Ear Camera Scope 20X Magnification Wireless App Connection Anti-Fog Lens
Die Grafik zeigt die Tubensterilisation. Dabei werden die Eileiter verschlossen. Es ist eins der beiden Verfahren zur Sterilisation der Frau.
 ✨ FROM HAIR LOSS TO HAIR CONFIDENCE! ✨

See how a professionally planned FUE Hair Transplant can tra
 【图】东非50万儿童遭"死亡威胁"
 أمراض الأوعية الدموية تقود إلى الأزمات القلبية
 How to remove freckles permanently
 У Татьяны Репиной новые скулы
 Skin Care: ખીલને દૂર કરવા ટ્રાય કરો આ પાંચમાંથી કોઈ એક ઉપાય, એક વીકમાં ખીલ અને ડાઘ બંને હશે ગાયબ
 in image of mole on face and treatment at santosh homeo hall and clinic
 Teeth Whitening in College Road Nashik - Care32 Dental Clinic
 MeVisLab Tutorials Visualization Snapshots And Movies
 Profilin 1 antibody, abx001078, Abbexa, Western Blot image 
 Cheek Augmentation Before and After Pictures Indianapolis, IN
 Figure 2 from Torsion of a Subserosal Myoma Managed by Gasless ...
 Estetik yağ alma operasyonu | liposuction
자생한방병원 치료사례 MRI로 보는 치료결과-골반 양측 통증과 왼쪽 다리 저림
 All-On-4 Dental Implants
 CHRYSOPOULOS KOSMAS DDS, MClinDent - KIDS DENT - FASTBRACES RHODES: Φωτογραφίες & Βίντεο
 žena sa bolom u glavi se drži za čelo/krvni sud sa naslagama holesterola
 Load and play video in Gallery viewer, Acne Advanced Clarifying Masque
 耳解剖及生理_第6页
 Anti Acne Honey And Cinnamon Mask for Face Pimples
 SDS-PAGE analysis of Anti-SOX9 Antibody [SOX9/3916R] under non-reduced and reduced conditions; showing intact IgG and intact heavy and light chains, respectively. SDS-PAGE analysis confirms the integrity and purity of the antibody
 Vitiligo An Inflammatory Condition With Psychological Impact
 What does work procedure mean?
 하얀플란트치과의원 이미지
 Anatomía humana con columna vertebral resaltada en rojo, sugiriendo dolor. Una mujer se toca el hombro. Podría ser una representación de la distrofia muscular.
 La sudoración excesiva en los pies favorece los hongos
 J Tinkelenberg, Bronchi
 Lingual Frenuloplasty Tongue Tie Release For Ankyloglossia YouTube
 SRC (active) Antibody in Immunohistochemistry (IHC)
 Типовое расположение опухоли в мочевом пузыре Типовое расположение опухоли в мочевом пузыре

* * * * *

== WHAT IS BEING ASKED ==
In the listing, find each line with the string "Dental" and copy it.

== SOLUTION FOR THIS TASK ==
 Teeth Whitening in College Road Nashik - Care32 Dental Clinic
 All-On-4 Dental Implants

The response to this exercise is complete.